UK Builders Begin To See Brexit Crisis as Foreign Workers Disappear


Monika Slowikowska is incredulous when people tell her foreigners will still want to come to the U.K. after the country leaves the European Union.

As a Pole who owns a London construction company, Slowikowska is less sanguine. She fears for an industry facing a Brexit immigration clampdown, including high salary requirements for visas and restrictions on low-skilled labour.

“We believe that we’re still a paradise destination,” said Slowikowska, who has lived in the U.K. for 20 years and employs nearly 200 people. But that’s “just unrealistic” when workers can choose other countries such as Germany, Norway and Ireland, she said.

High living costs and a falling pound are further deterrents for EU citizens considering settling in Britain. With Prime Minister Boris Johnson vowing to get out of the EU on Oct. 31, “do or die,” the pound is at its lowest levels since shortly after the 2016 referendum -- eroding the value of money earned in the U.K. when remitted overseas.
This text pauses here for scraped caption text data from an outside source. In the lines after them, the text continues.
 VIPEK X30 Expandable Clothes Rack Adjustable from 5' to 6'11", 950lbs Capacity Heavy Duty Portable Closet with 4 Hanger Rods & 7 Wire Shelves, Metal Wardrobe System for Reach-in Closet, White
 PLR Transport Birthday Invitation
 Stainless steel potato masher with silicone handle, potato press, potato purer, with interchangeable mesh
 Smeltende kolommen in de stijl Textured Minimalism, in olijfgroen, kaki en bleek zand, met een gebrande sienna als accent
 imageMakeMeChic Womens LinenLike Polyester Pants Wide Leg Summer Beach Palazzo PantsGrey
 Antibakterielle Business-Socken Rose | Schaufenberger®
The construction industry, which accounts for 6% of the economy and employs a similar number of people as manufacturing, has a lot to do to prepare for Brexit, when free movement of people between Britain and the remaining 27 EU countries will end. With the government setting ambitious home-building targets, the sector faces an acute labour shortage after struggling to recruit workers for a decade.

Under plans set out in December, post-Brexit rules will require EU workers to be divided according to their qualifications. “High-skilled workers” would be those with a secondary-school degree or higher. Only those who earn at least 30,000 pounds would be allowed to work and stay in the country. For foreign workers without these qualifications, there would be a one-year limit to living and working in the U.K., before they would have to leave again for another 12 months. Almost half of builders are non-U.K. nationals.
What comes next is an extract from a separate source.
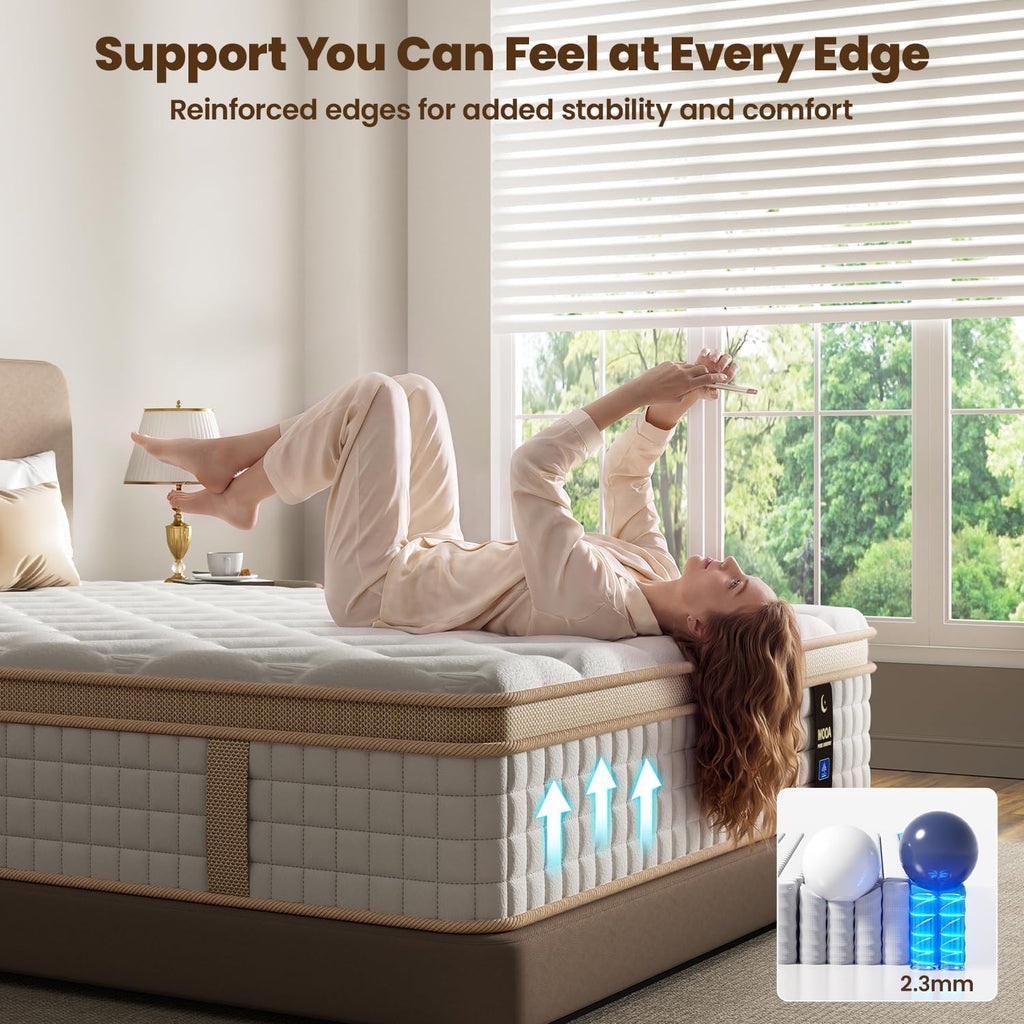 Queen Mattress 12 Inch, Cooling Queen Hybrid Mattress in a Box, Medium Firm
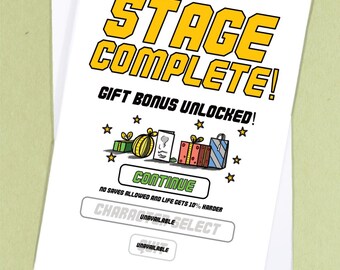 Carte de voeux de jeu - étape terminée - carte de voeux, vierge, carte d'anniversaire, jeux, jeux vidéo, carte de geek - GC107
A failure to attract young people means the industry is reaching retirement age unusually quickly: just 10% are under 25.
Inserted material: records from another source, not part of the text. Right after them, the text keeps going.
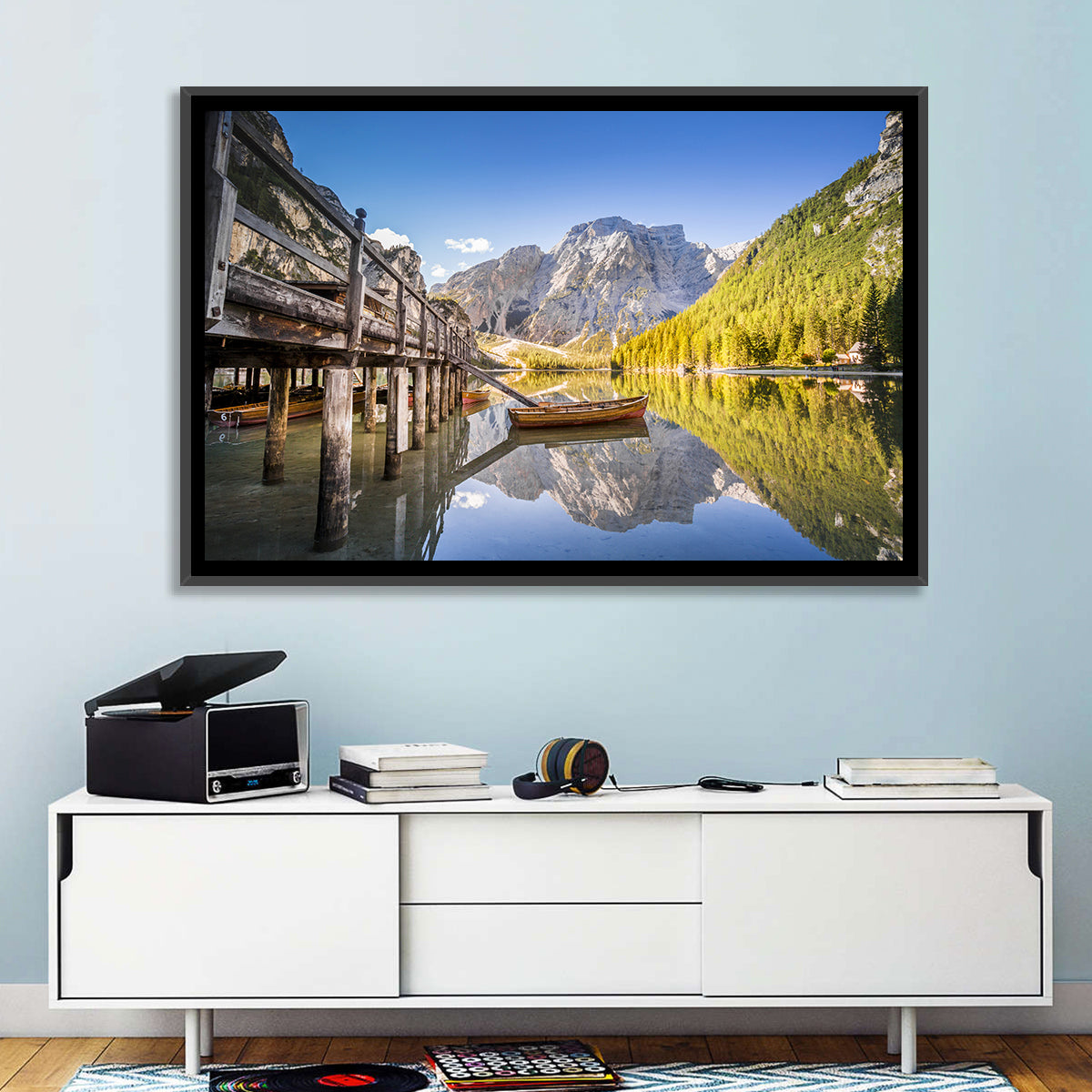 Lago Di Braies Pier Wall Art in a room, landscape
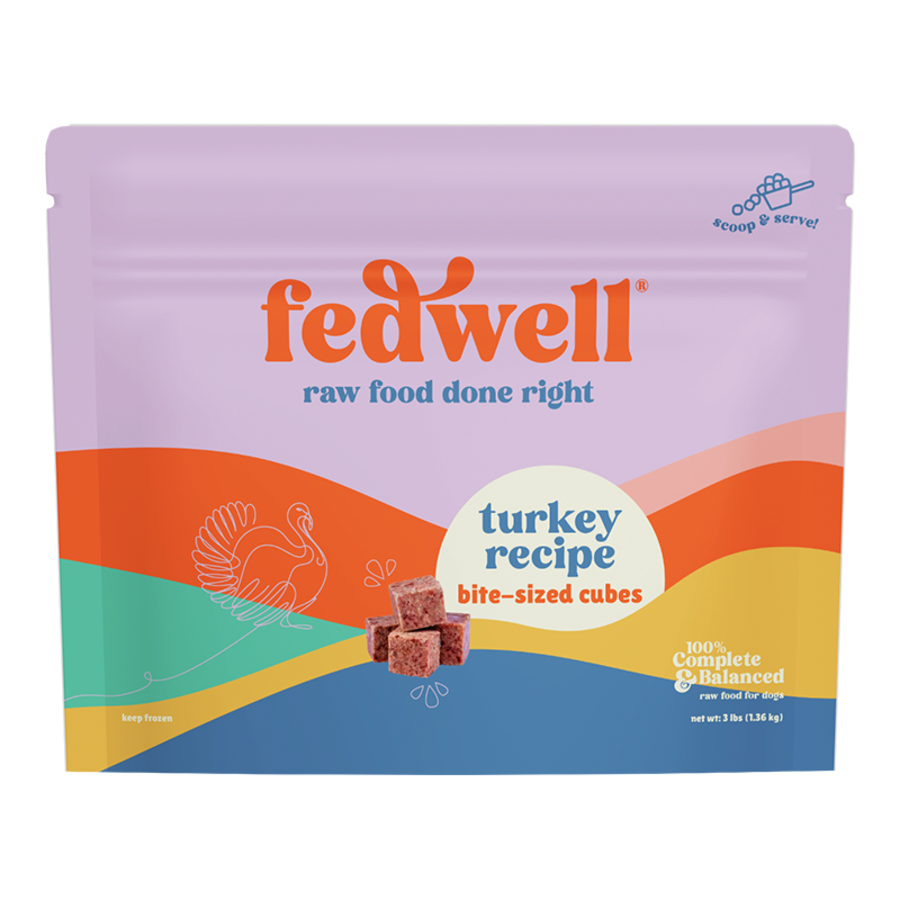 Fedwell Dog Frozen Diced Cubes Turkey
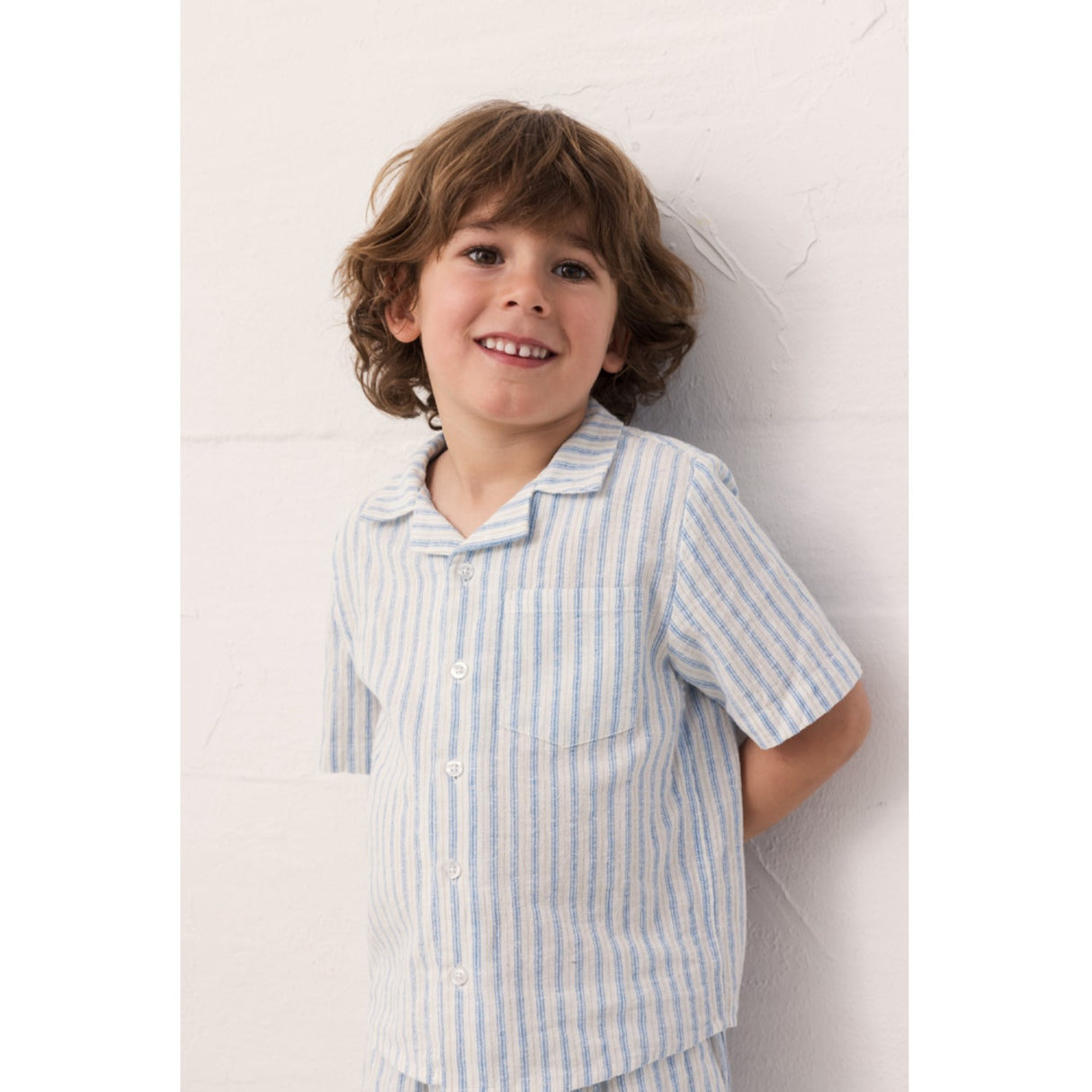 MarMar Cotton Linen Surf Blue Stripe Tage Shirt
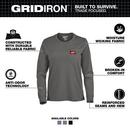 WOMEN'S GRIDIRON POCKET T-SHIRT - LONG SLEEVE GRAY M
That means a labour shortage in the near future: The Construction Industry Training Board estimates that the sector will need to recruit and train 31,600 workers every year for the next three years just to keep up with demand. The number of apprentices going into construction fall short of this figure by almost a third. The construction industry has been grappling with how to deal with a shrinking workforce. Ian Calvert Sutcliffe, chief executive officer at Countryside Properties Plc, says the company is mindful of the “shortage of skilled labour on site” when thinking about expanding.